Bug#931267: times out and drops into useless emergency shell with fsck still ongoing
Steve McIntyre
steve at einval.com
Sun Jun 30 00:46:46 BST 2019
Package: systemd
Version: 241-5
Severity: important
Hi,
[ Ignore the system info etc. below - I'm running reportbug on a
different system. ]
I've just dist-upgraded my headless home firewall/server from Stretch
to Buster. I did the usual task of config file merging. and then
rebooted the machine. It didn't come up on the network again
afterwards.
After rummaging around to connect a serial cable, there was no
interaction on the console so I rebooted again. Now I see that the
machine is running a fsck on the multiple large filesystems (Debian
mirror, video/audio data etc.) Fine - the machine had not been
rebooted in a long time, so the fsck was overdue. Then I see that
systemd has decided to time out startup of services and drop me into
an Emergency shell. With fsck going on and writing to the console, I
cannot useful interact with the shell. The fsck completed
successfully, but I had a headless machine that still needed
interaction to make it work again.
Several points/questions:
* Why on earth do things have a short timeout when fsck is still
running? It's normal for fsck on a large fs to take a long time,
and this should not break bootup. Especially not on a headless box.

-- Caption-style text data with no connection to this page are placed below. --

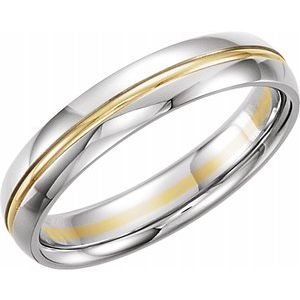 14K White/Yellow 4.5 mm Grooved Band Size 11.5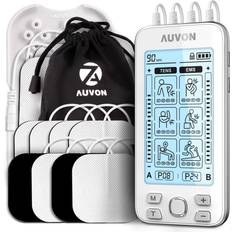 Massage & Relaxation Products AUVON 4 Outputs TENS Unit EMS Muscle Stimulator Machine for Pain Relief Therapy with 24 Modes Electric Pulse Massager, 2" and 2"x4" Electrodes Pads White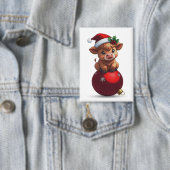 aandoenlijke baby hooglanders koe zittend button (Insitu)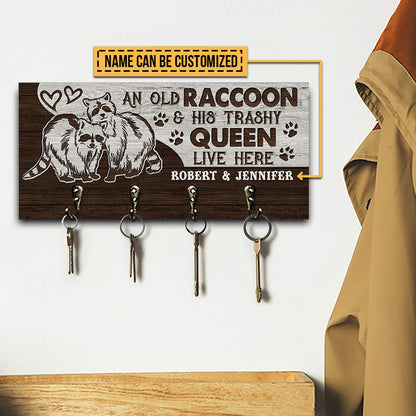 Raccoon Couple Trashy Queen Live Here Personalized Custom Wood Key Holder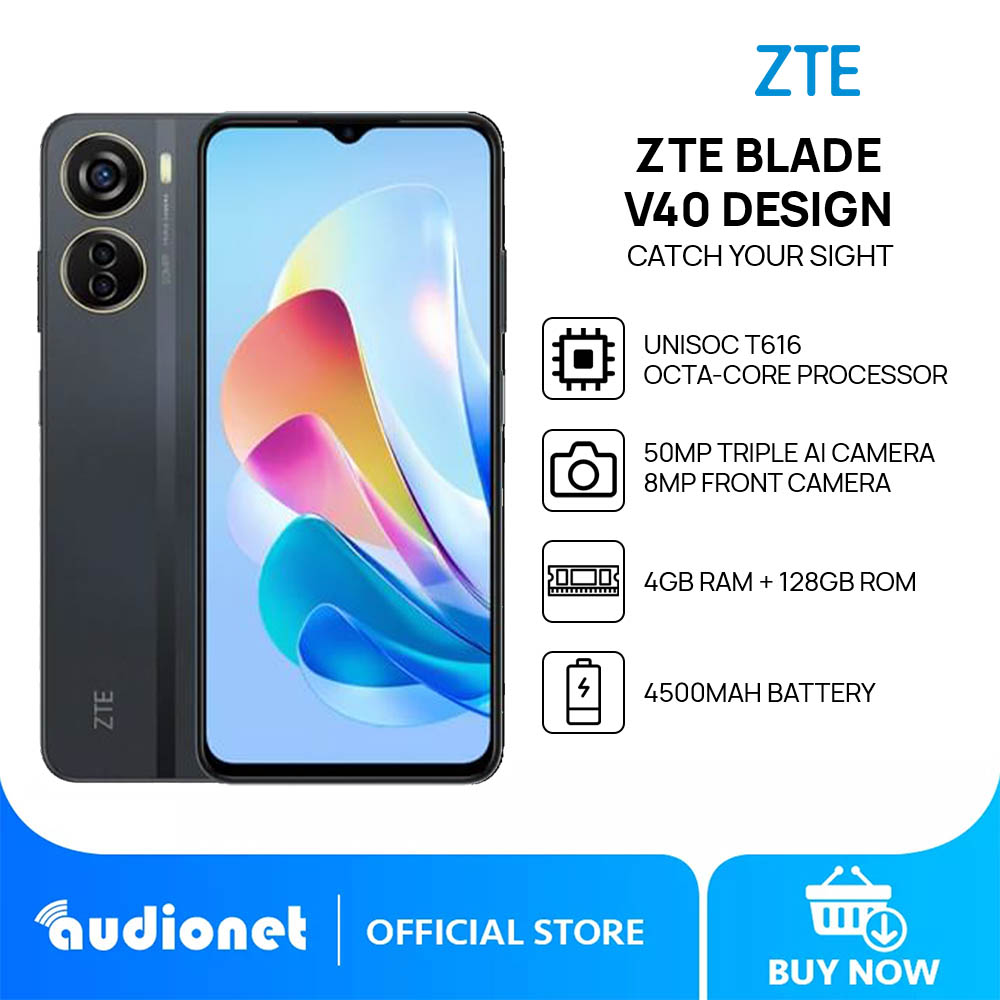 ZTE Blade V40 Design Smartphone, 4GB+128GB, Unisoc T616, 6.6” Display, 50MP Triple AI Camera, 4500mAh Battery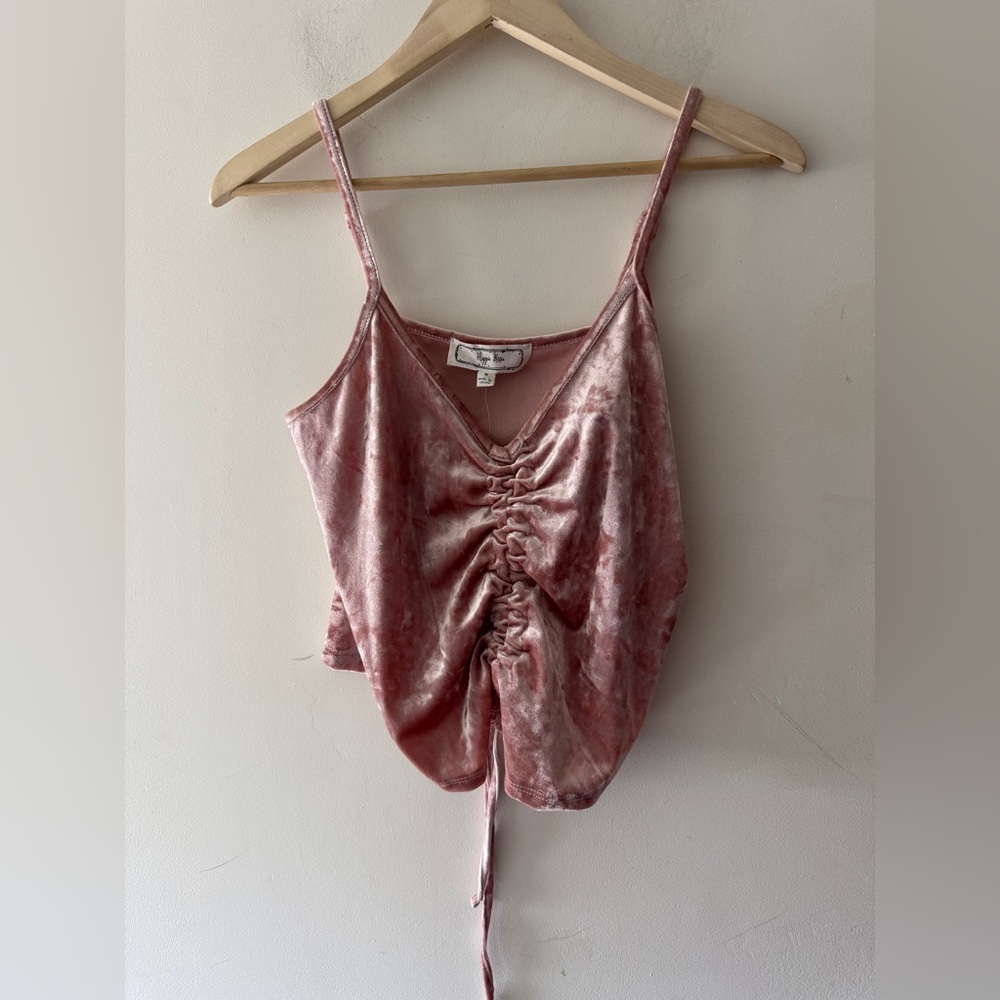 NEW!! Hippie‎ Rose Ruched Tie-Hem Camisole Pink Velvet Top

* Why does systemd try to start an Emergency shell on an already-busy
console? This is *not* useful.
* I haven't tried to reproduce this, but the initial interaction on
the console seemed to show a hung machine. I had no useful
interaction there. Is the Emergency shell setup meant to prompt
again on password failure if I just hit <enter> several times?
-- Package-specific info:
-- System Information:
Debian Release: 10.0
APT prefers testing
APT policy: (500, 'testing'), (500, 'stable')
Architecture: amd64 (x86_64)
Kernel: Linux 4.19.0-5-amd64 (SMP w/4 CPU cores)
Locale: LANG=en_GB.UTF-8, LC_CTYPE=en_GB.UTF-8 (charmap=UTF-8), LANGUAGE=en_GB:en (charmap=UTF-8)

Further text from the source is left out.